Un Wajda proustiano
Amores de juventud entre un hombre y varias hermanas evocados desde la madurez de sus protagonistas
De las cinematografías del Este europeo el cine polaco fue el primero en resurgir tras la Segunda Guerra Mundial. Un puñado de directores ligados a ... la escuela de Lodz comenzaron a llevarse premios en festivales desde mediados de los cincuenta: Aleksander Ford, Jerzy Kawalerowicz, Andrzej Munk y sobre todo Andrzej Wajda, que llamó pronto la atención con la narración bélica 'Kanal' y con 'Cenizas y diamantes'. Tras esta generación surgieron otros directores tan brillantes y personales como Krzysztof Zanussi, Andrew Zulavsky o, a principios de los sesenta, Jerzy Skolimowski y Roman Polansky, que pronto desarrollaron una carrera internacional.
'Las señoritas de Wilko'
Polonia, 1979. Dirección: Andrzej Wajda. Intérpretes: Daniel Olbrychski, Christine Pascal, Maja Komorowska. Cines Broadway, hoy, 20:00 horas. 6 euros.

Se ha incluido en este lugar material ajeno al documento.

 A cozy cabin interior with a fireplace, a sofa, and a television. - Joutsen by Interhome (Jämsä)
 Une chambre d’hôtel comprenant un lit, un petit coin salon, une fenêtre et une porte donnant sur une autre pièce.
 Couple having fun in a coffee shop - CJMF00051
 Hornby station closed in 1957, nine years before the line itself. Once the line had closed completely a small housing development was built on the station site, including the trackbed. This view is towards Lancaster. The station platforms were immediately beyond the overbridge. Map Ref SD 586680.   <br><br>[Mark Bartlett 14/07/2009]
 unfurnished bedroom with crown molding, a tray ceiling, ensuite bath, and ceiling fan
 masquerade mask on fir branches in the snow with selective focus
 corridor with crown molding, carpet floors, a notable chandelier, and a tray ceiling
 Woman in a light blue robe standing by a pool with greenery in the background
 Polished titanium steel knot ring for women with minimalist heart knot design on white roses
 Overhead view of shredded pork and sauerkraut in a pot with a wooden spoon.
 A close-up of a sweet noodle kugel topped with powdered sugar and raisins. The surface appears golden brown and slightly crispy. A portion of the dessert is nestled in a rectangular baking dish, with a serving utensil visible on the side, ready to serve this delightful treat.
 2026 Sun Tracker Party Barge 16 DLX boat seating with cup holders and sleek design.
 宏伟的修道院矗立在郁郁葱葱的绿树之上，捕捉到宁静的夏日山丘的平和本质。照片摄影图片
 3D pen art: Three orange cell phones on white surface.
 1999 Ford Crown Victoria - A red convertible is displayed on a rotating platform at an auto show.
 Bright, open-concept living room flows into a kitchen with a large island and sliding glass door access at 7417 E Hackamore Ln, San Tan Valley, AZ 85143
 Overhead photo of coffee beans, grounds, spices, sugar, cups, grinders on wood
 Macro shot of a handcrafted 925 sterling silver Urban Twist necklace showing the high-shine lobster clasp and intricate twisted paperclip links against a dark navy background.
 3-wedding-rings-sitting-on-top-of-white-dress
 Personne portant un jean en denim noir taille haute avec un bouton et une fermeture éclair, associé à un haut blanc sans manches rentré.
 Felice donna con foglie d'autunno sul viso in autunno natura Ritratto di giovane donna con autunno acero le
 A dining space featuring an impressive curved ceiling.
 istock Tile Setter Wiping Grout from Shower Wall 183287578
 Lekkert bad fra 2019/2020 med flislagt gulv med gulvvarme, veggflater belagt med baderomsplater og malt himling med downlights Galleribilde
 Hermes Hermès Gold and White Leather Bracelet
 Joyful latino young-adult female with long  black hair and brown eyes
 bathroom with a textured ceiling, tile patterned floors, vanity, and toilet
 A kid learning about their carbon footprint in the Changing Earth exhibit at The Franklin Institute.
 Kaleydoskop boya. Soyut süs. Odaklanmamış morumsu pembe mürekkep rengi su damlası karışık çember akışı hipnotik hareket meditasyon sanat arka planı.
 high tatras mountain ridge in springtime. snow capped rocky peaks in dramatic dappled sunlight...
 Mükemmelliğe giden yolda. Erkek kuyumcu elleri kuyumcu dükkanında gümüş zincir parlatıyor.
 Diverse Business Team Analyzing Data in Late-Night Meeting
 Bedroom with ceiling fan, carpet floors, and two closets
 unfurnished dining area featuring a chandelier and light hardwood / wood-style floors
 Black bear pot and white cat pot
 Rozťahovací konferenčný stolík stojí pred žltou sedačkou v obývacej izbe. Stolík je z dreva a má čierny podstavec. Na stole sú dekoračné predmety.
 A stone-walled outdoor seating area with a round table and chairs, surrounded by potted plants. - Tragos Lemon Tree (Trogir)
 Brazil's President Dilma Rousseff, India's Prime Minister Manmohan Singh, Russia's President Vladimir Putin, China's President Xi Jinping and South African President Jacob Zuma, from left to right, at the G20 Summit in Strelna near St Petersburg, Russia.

Ese cine polaco de posguerra no se doblegó a las directrices del realismo socialista. Por el contrario, entregó obras tan diversas como 'Faraón' de Kawalerowicz o 'El manuscrito encontrado en Zaragoza', de Wojciech J. Has. La amplia filmografía de Andrzej Wajda (1926-2016) también registra esa divergencia: adaptaciones de literatos polacos como Jaroslaw Iwaszkiewicz ('Las señoritas de Wilko') y Joseph Conrad ('La línea de sombra'), obras de reconstrucción histórica de la Segunda Guerra Mundial, rarezas ligadas a la figura de Lech Walesa. En la Seminci participó en varias ocasiones y asistió a un ciclo sobre su obra en 1972. Su mayor impacto en el festival lo logró con 'La tierra de la gran promesa', Espiga de Oro en 1975, un discurso enérgico sobre la lucha de clases (cuando el franquismo todavía vigilaba) que se cerraba con un manifestante portando una bandera roja que se fundía con la pantalla y el asombrado público.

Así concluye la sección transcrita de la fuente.